My last several posts have discussed the strengths and weaknesses of the U.S. economy and where the presidential candidates stand on the main issues.  As Donald Trump now slides further and further behind in the polls due to his juvenile tit-for-tat personality, his personal views matter less and less.
Capture31What does matter now is how the Republican Party will use the Trump disruption to broaden its appeal in the future. Here is a restatement of several of my ideas, influenced by two recent articles in the New York Times, here and here:

  • Reject tax cuts for the wealthy. But rather support tax rate cuts across the board, paid for by shrinking deductions which primarily benefit the wealthy. Such tax reform will give a sorely needed big boost to the economy.
  • Help workers displaced by foreign trade with expanded retraining programs and wage insurance. Increased globalization will also boost economic growth but it will stall without greater public support.

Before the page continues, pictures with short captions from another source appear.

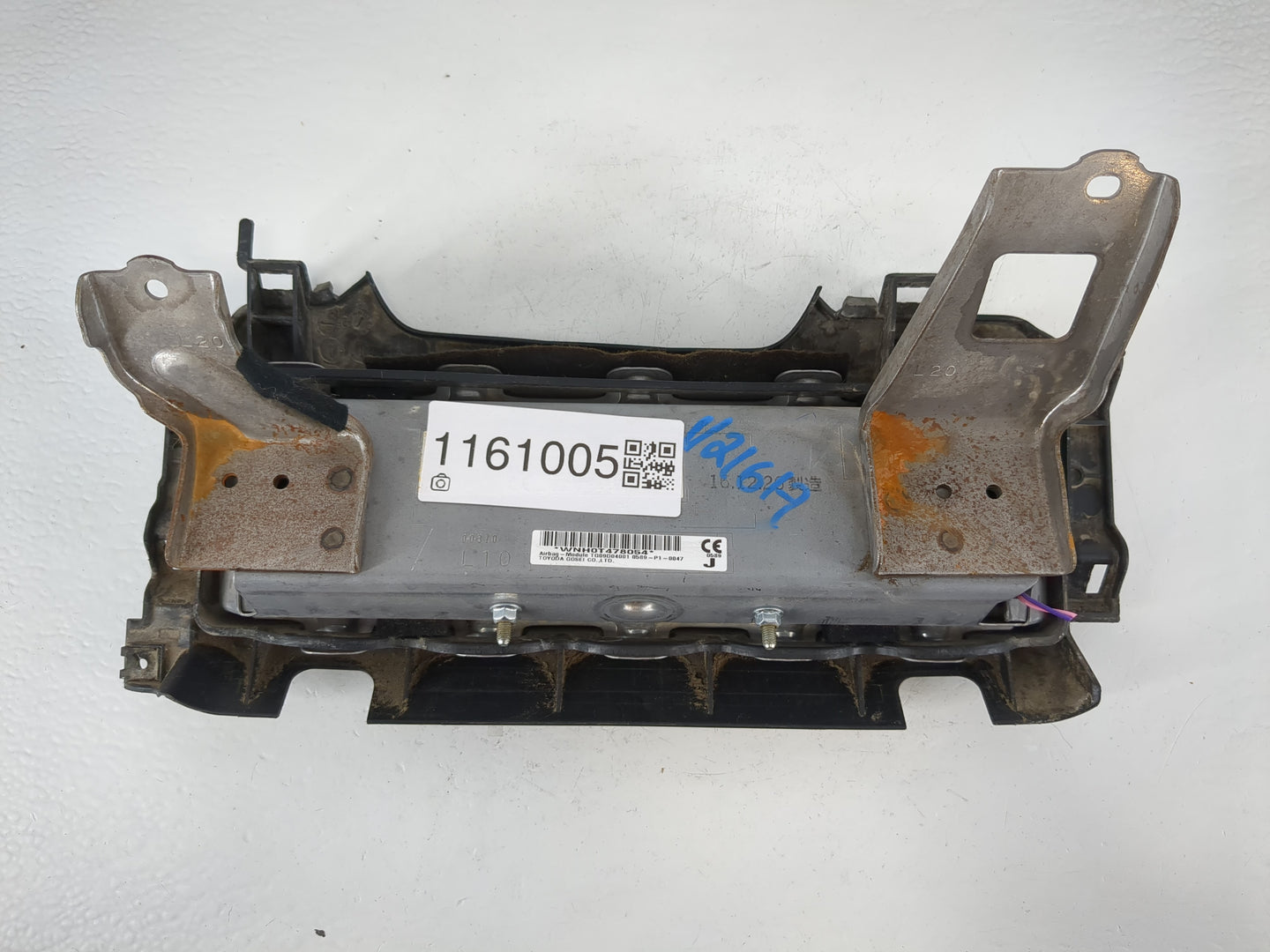 2017 Subaru Forester Air Bag Passenger Right Dashboard OEM P/N:MNH0T478054 Fits OEM Used Auto Parts - Oemusedautoparts1.com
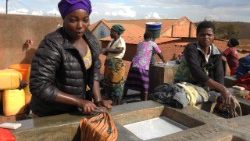 Maisha magumu ya wanawake nchini Msumbiji,yamepelekea kukataa zawadi ya mke wa Rais.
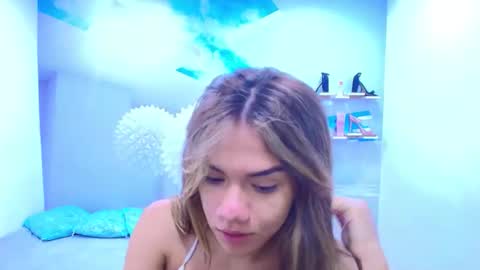 Snapshot of demi_leed chatting on January 15, 12:32 pm DEMI online show from January 15, 12:32 pm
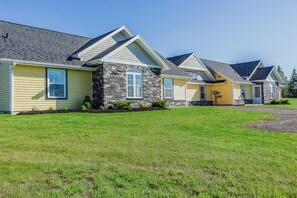 Exterior - Coastal PEI Suites Just Minutes from the North Shore (Breadalbane)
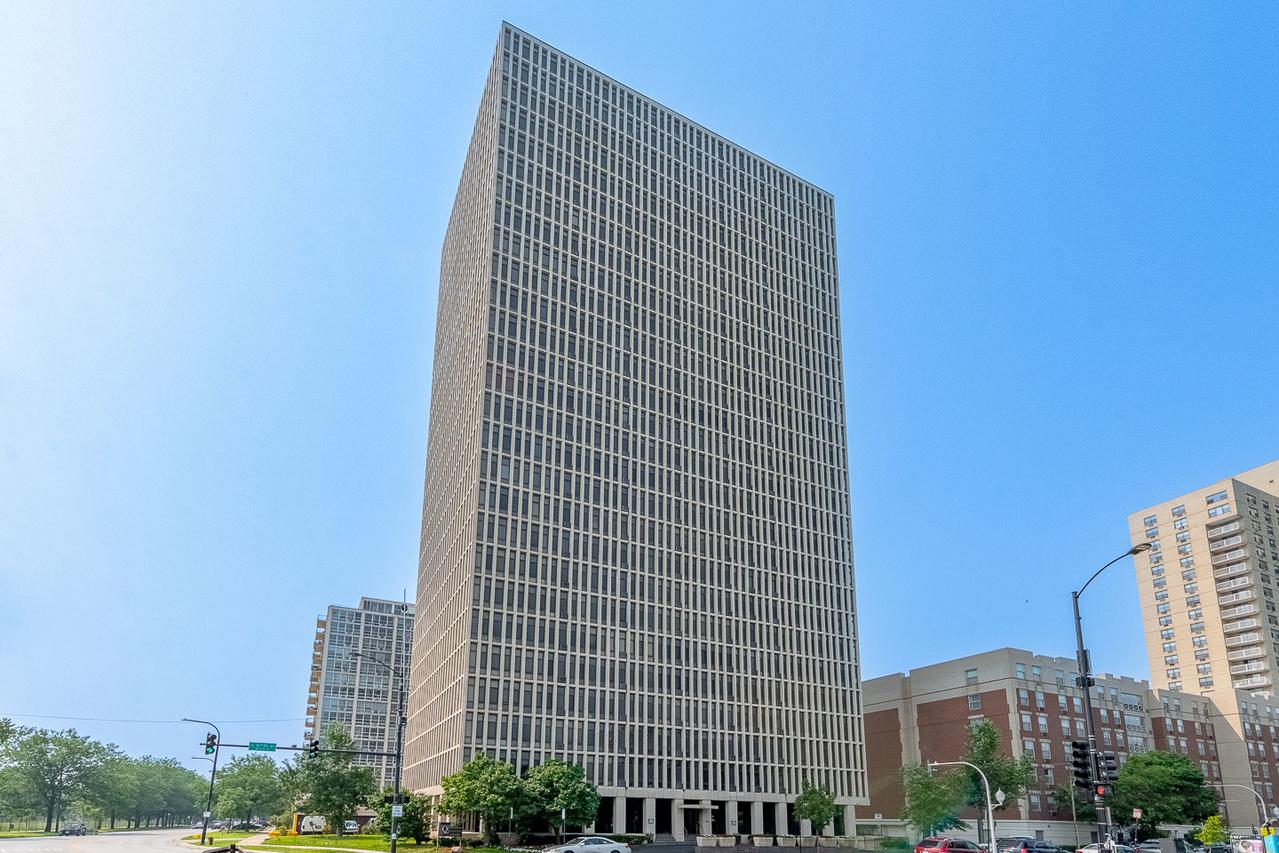 6700 S South Shore Dr. #14A, Chicago, IL 60649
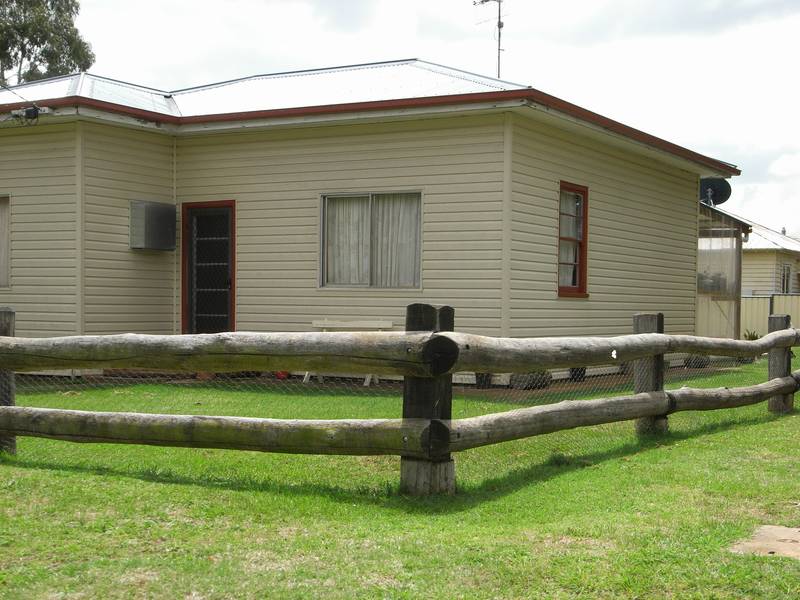 Country Cottage Picture 2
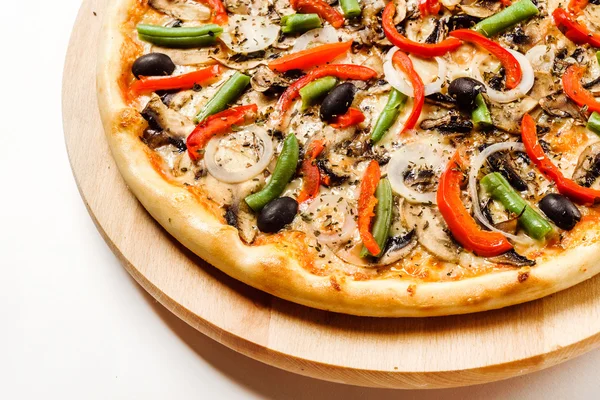 Печёная вкусная пицца — стоковое фото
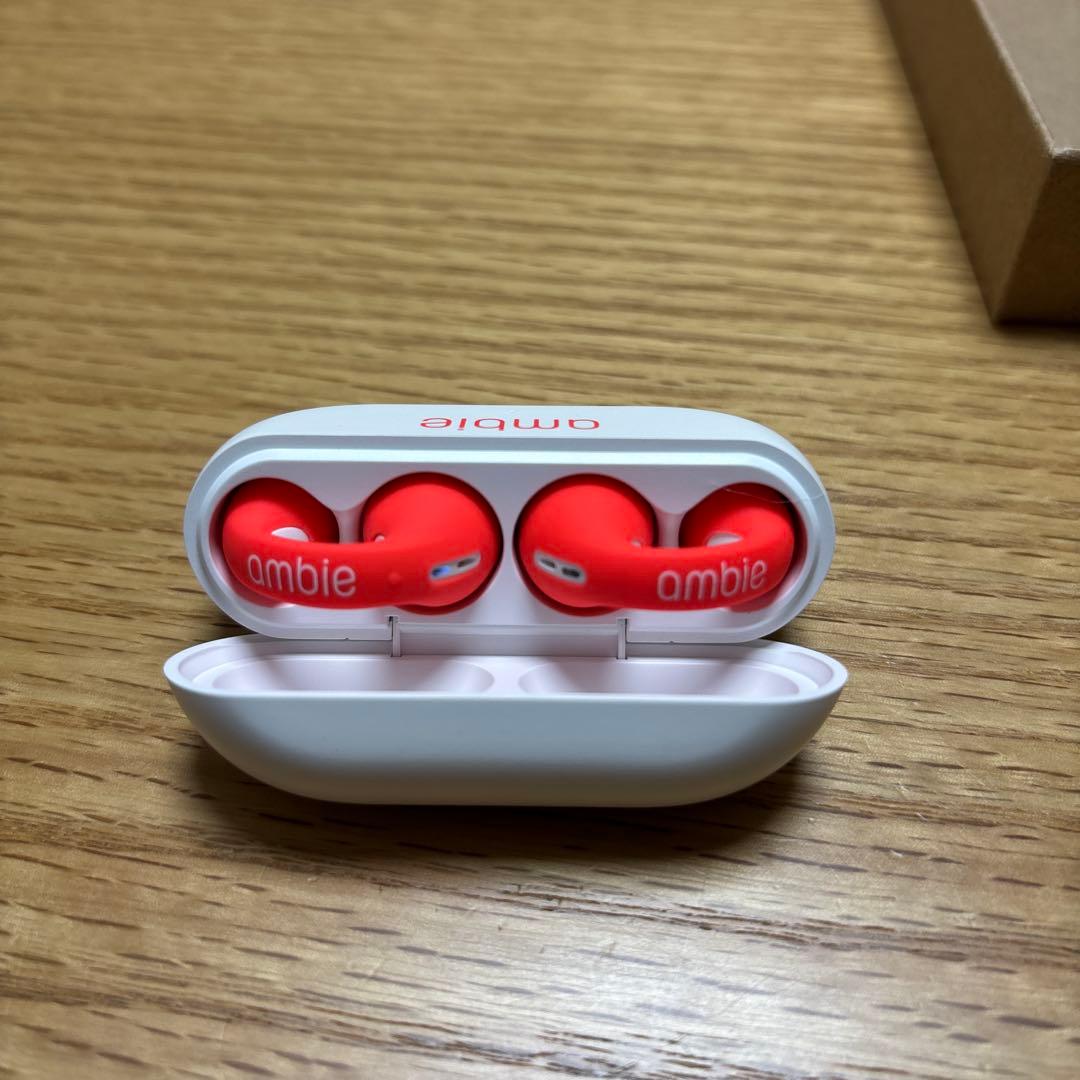 【美品】ambie AM-TW01 コーラル レッド イヤホン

  • Acknowledge that universal health care is here to stay but push for market-oriented changes such as eliminating the mandates required by the ACA.
  • Disavow mass deportations but set up a firm border security program along with an adequate guest worker program to provide businesses the workers whom they are unable to hire locally. Again, legitimate immigration reform will boost the economy.
  • Admit that Invading Iraq was a mistake but nevertheless insist on a muscular foreign policy. U.S. economic and military strength provide peace and stability for the whole world including us.
  • Loosen up on social policy. Insist on restrictions on abortion (e.g. a 20 week cutoff) rather than abolition and work requirements for social welfare recipients rather than cutbacks in aid. In general turn over more social policy regulation to the individual states.

Conclusion. The U.S. badly needs more fiscally conservative national leaders. But conservatives will not prevail in the political process without using more common sense.